- **Exercise description**: Would you please repeat exactly the entries below, starting at the line with "Farmer Rustic Dining Table Chunky Metal Legs" and ending at the line with "Sedia da Ufficio", and nothing outside that range? Leave out the pictures.

++++ Supplied records

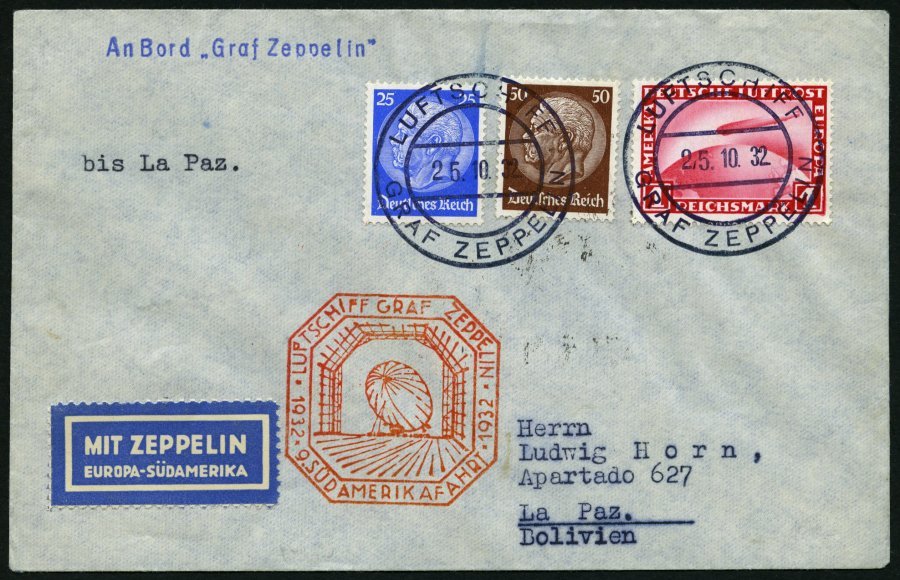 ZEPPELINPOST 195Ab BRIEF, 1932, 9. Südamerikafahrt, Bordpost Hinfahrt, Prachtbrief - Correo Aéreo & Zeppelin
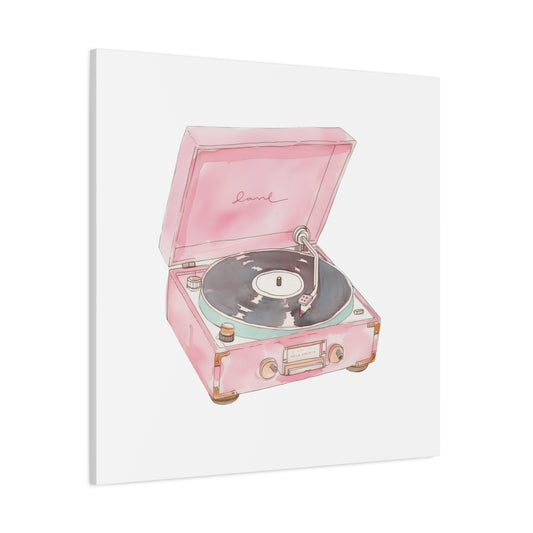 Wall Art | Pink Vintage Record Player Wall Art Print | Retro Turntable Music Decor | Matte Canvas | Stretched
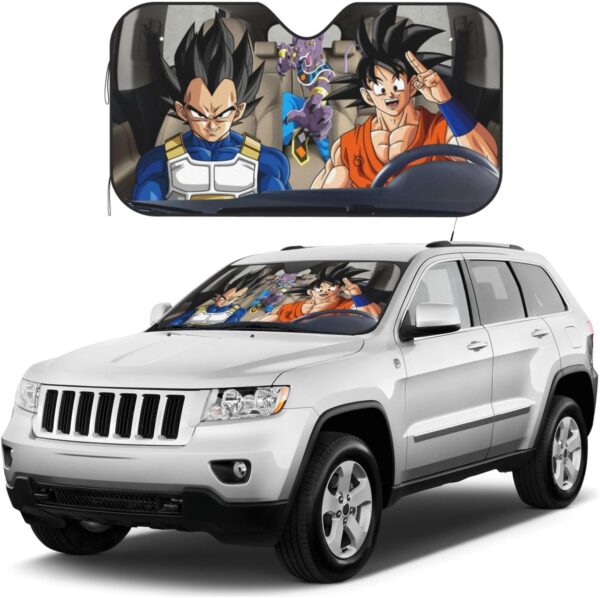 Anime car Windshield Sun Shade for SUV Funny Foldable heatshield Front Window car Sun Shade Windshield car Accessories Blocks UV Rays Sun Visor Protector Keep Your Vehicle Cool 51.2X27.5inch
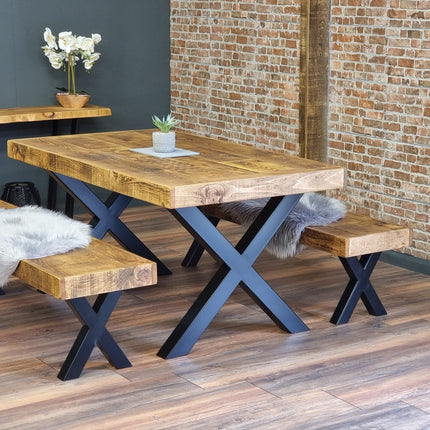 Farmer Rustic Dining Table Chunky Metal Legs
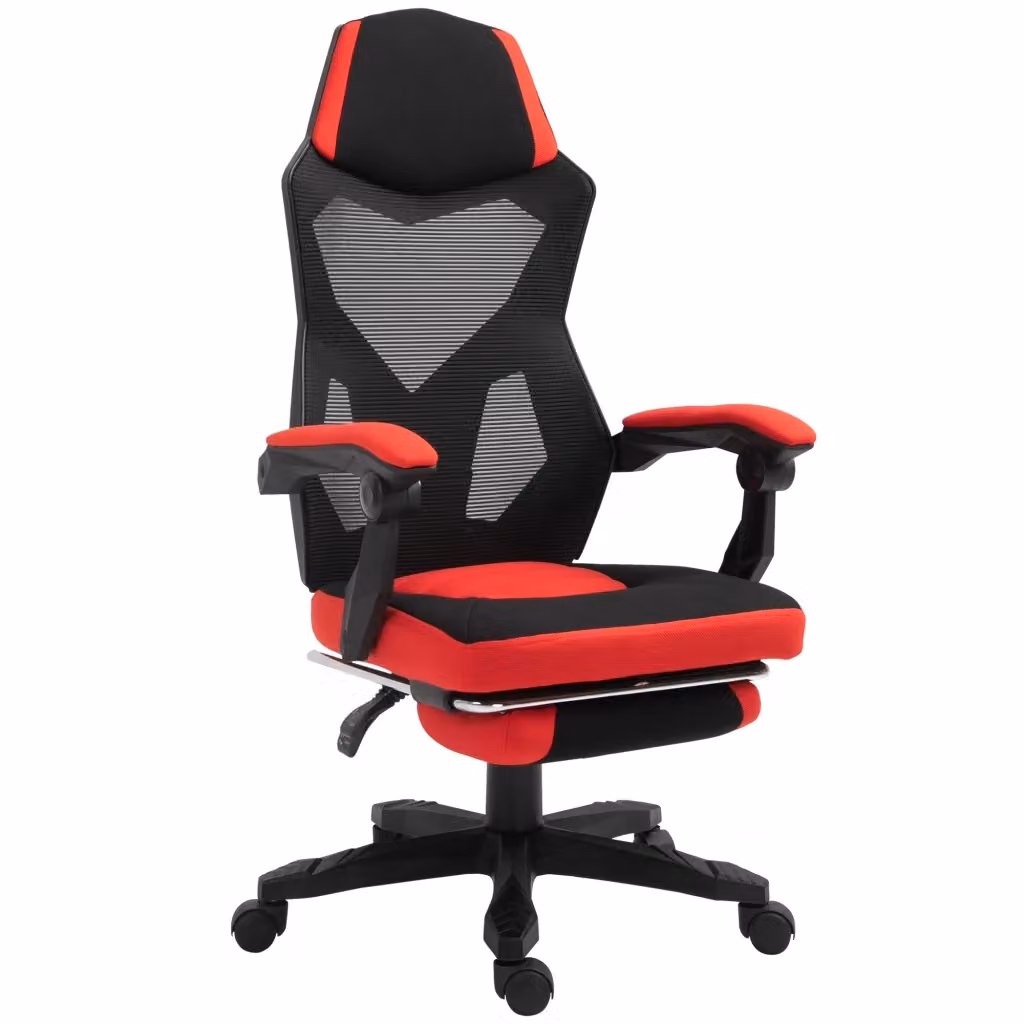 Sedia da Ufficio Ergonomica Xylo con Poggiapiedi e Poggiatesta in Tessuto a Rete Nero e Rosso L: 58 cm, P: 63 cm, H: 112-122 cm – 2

++++++++
++++ Supplied records

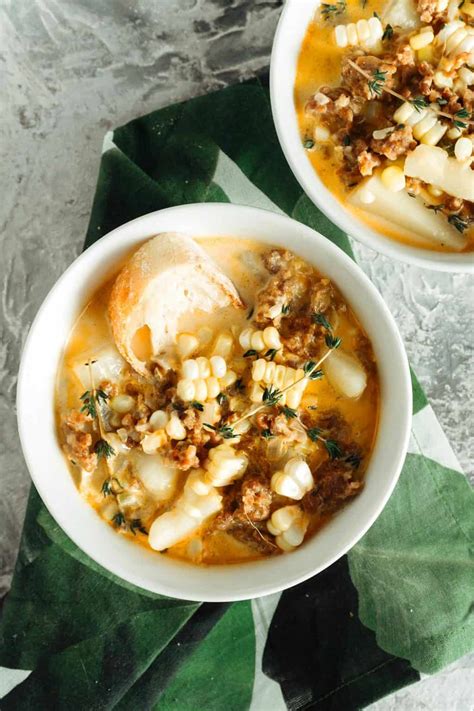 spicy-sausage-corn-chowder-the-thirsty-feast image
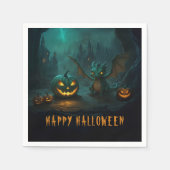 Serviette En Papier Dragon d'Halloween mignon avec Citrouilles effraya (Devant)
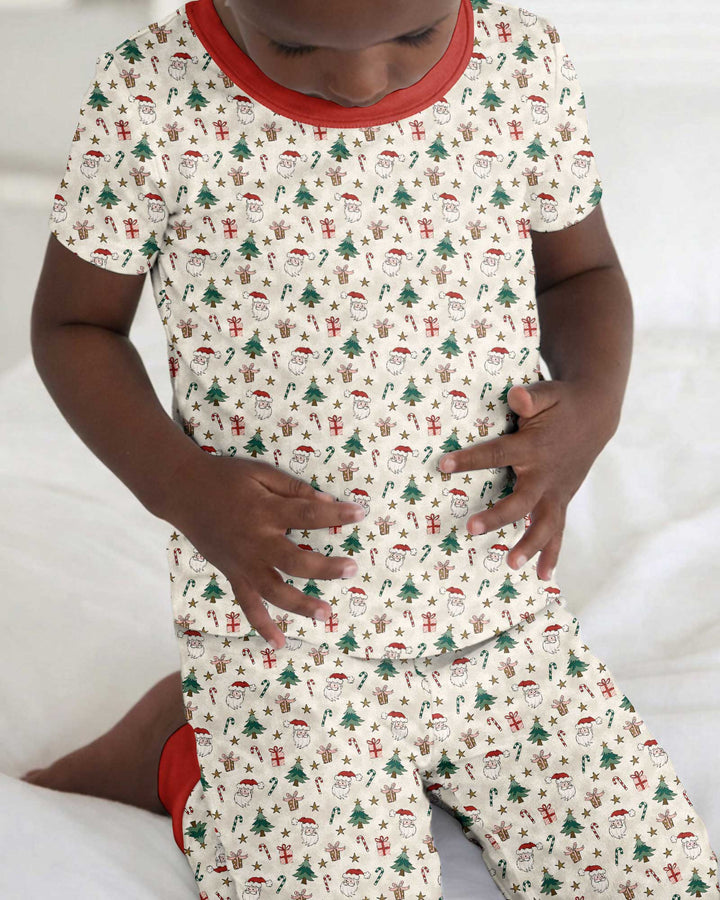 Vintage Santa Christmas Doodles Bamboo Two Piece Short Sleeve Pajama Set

++++++++

- **Answer to this exercise**:
 Farmer Rustic Dining Table Chunky Metal Legs
 Sedia da Ufficio Ergonomica Xylo con Poggiapiedi e Poggiatesta in Tessuto a Rete Nero e Rosso L: 58 cm, P: 63 cm, H: 112-122 cm – 2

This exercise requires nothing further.